** Opening The data block **

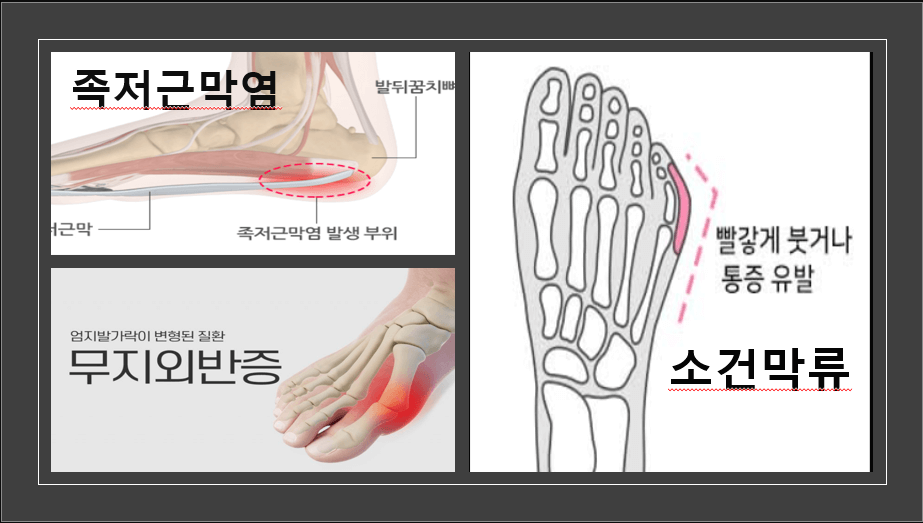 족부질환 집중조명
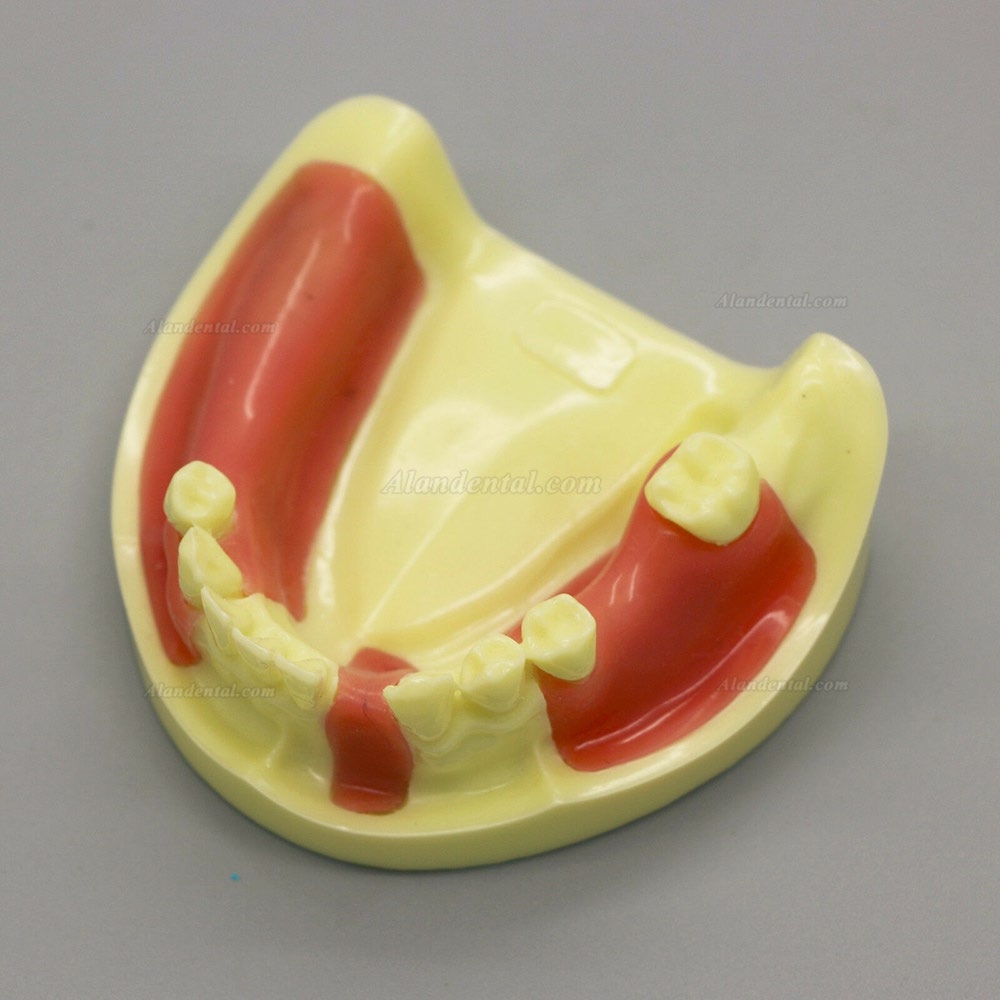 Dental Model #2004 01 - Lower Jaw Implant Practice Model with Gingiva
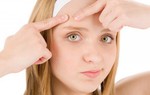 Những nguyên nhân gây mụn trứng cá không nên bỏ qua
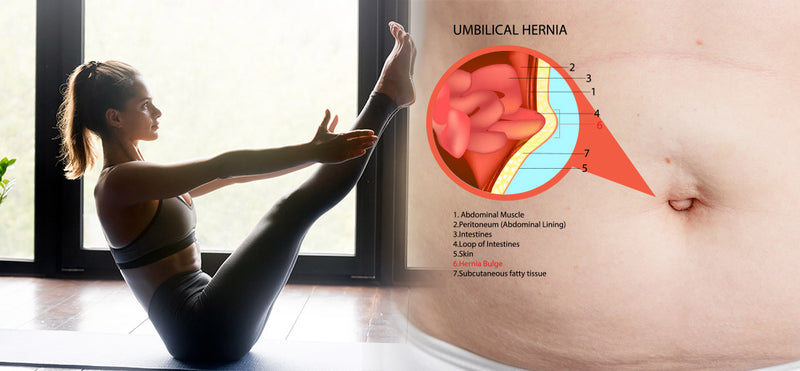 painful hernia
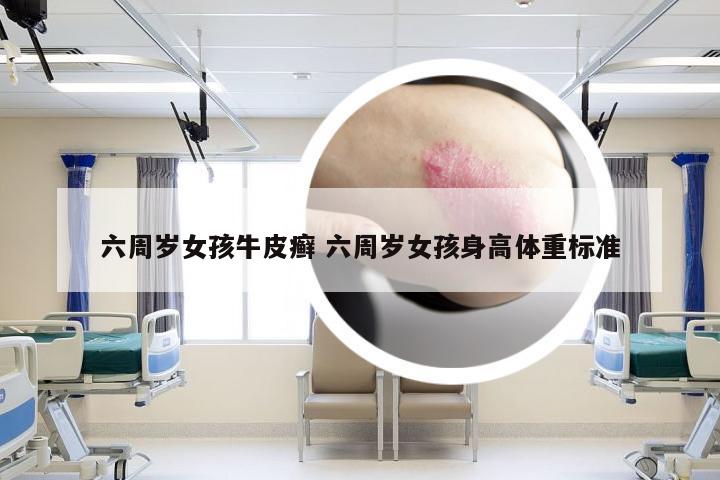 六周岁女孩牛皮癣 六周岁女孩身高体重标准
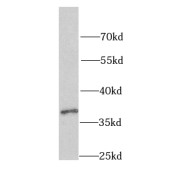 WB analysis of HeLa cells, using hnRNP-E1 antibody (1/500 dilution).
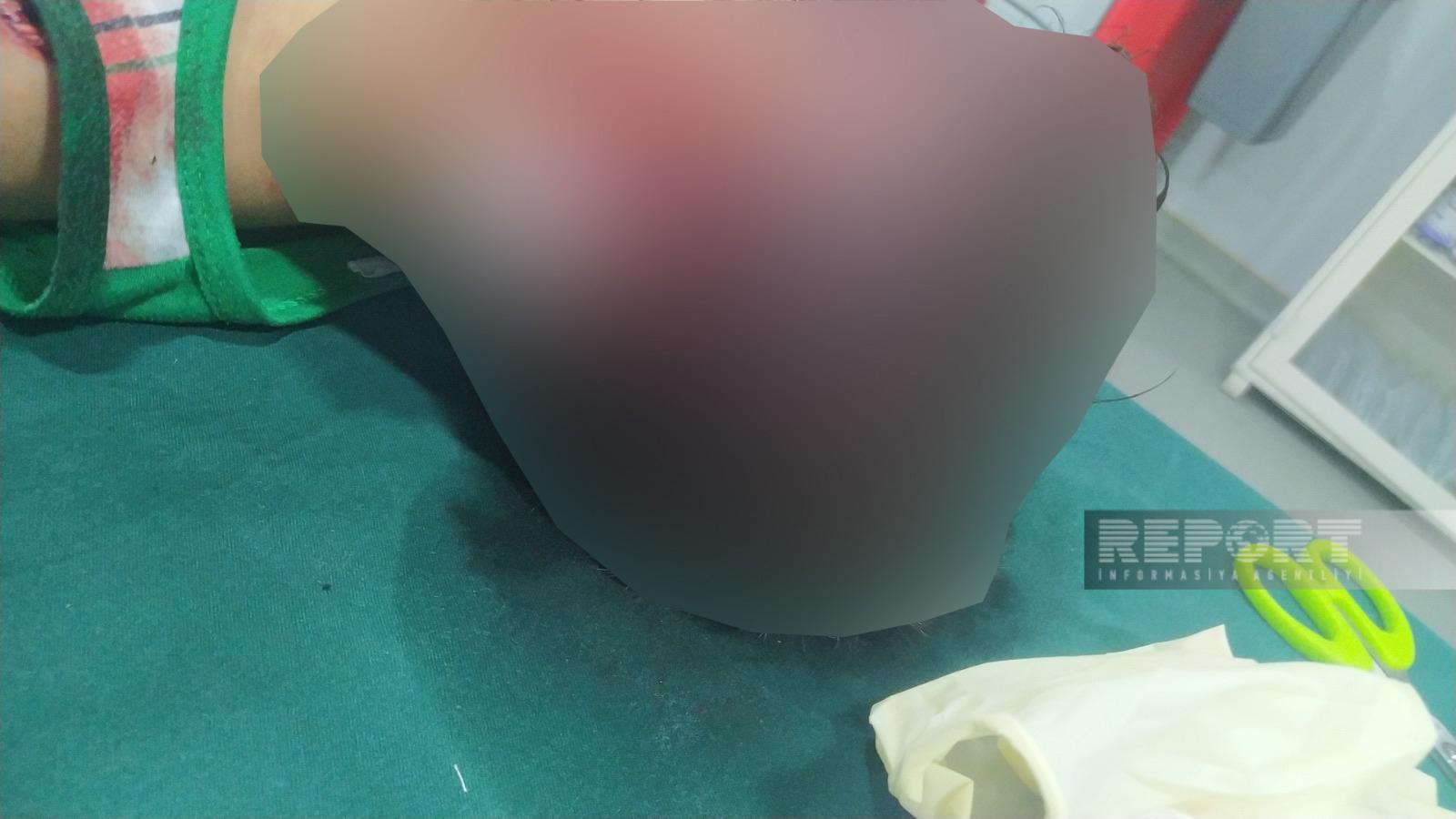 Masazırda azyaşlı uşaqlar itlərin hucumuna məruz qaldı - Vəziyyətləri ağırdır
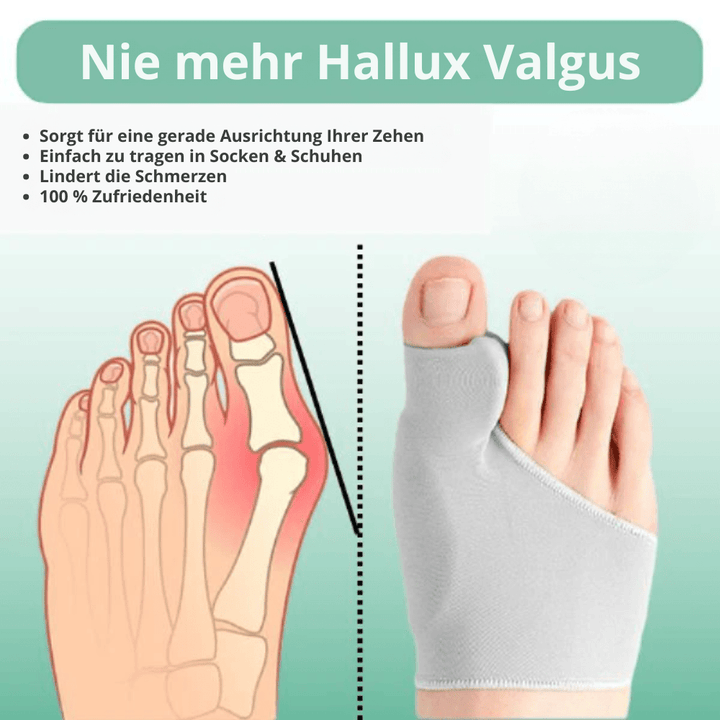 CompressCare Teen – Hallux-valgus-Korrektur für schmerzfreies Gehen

** Closing The data block **

Your instructions:
Quote exactly the lines from the line that contains "painful hernia" through the last line of the listing, please, leaving out all pictures.

Response to the task:
 painful hernia
 六周岁女孩牛皮癣 六周岁女孩身高体重标准
 WB analysis of HeLa cells, using hnRNP-E1 antibody (1/500 dilution).
 Masazırda azyaşlı uşaqlar itlərin hucumuna məruz qaldı - Vəziyyətləri ağırdır
 CompressCare Teen – Hallux-valgus-Korrektur für schmerzfreies Gehen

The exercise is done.